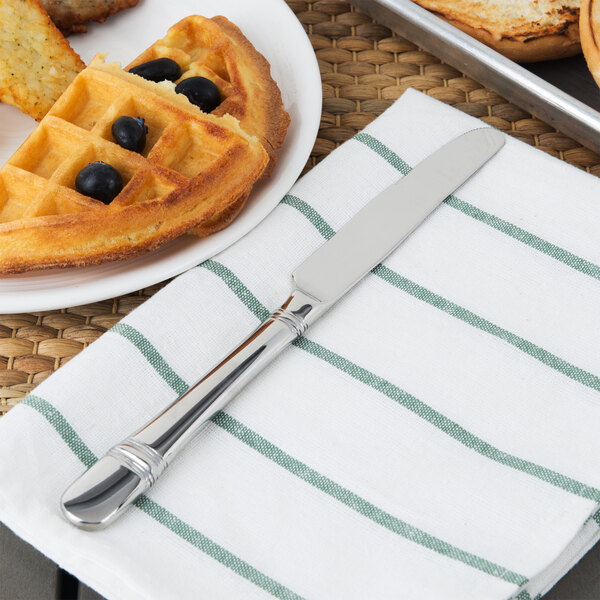 A Oneida stainless steel table knife on a plate with a waffle and blueberries.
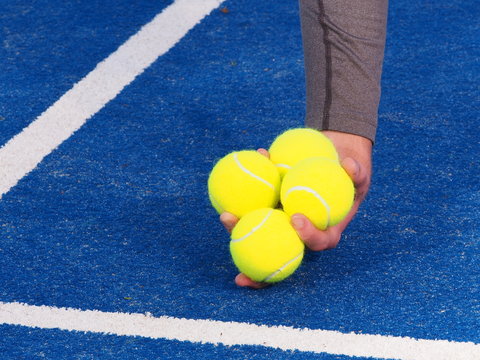 Tennis balls picked up by a ball kids hand on a blue artificial grass court, Melbourne, Australia 2015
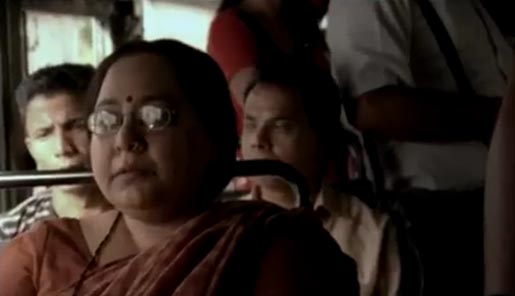 Screenshot from a video. A middle-aged Indian woman sitting in a crowded bus. She is wearing orange saree, red bindi, and specks.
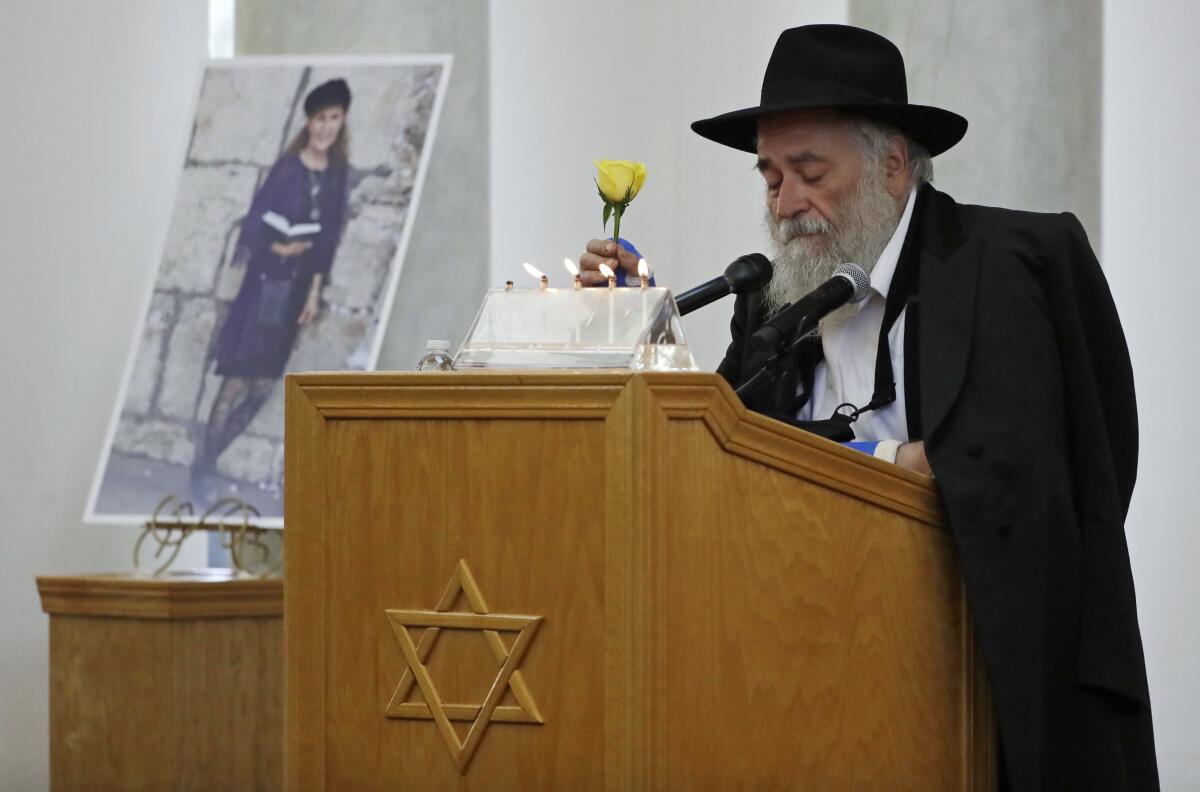 Rabbi Yisroel Goldstein  speaks at the funeral for Lori Gilbert-Kaye, killed in the attack on Chabad of Poway last year.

- Your assignment -
Exact copy required, pictures excluded: the lines from the one holding "Tennis balls picked" through the last line of the data, both ends included.

- Answer below -
 Tennis balls picked up by a ball kids hand on a blue artificial grass court, Melbourne, Australia 2015
 Screenshot from a video. A middle-aged Indian woman sitting in a crowded bus. She is wearing orange saree, red bindi, and specks.
 Rabbi Yisroel Goldstein  speaks at the funeral for Lori Gilbert-Kaye, killed in the attack on Chabad of Poway last year.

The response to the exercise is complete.